Brief descriptive captions
↓↓↓

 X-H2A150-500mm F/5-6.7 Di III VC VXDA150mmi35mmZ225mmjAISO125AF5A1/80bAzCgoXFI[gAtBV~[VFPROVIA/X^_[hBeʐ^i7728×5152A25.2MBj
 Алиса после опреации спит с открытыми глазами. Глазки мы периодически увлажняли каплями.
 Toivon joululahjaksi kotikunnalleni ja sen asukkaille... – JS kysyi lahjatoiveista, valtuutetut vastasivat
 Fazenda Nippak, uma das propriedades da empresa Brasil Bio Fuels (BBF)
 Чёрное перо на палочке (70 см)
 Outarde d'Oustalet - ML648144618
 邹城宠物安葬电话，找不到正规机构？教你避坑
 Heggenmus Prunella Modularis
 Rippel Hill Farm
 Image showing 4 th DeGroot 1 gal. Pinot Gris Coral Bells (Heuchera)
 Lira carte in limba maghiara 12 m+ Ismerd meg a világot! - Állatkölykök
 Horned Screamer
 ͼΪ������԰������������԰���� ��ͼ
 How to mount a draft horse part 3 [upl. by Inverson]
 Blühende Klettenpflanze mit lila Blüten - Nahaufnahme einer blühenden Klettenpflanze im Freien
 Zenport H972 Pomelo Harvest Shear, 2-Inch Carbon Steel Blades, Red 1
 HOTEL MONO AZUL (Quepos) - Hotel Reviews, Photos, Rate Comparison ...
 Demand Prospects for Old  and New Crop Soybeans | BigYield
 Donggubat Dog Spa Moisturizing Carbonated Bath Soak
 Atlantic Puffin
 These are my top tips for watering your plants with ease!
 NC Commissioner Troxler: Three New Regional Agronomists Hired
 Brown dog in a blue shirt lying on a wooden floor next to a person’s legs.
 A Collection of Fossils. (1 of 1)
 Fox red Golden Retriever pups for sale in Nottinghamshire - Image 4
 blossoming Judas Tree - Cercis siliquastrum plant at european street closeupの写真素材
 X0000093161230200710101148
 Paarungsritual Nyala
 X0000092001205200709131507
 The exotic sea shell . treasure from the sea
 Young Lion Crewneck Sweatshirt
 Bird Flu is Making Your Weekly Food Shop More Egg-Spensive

↑↑↑

▸ **Instructions for the task**: Work through the entries above line by line, counting each one that includes the word "Image", and give the final number only.

▸ **Result of the task**: 2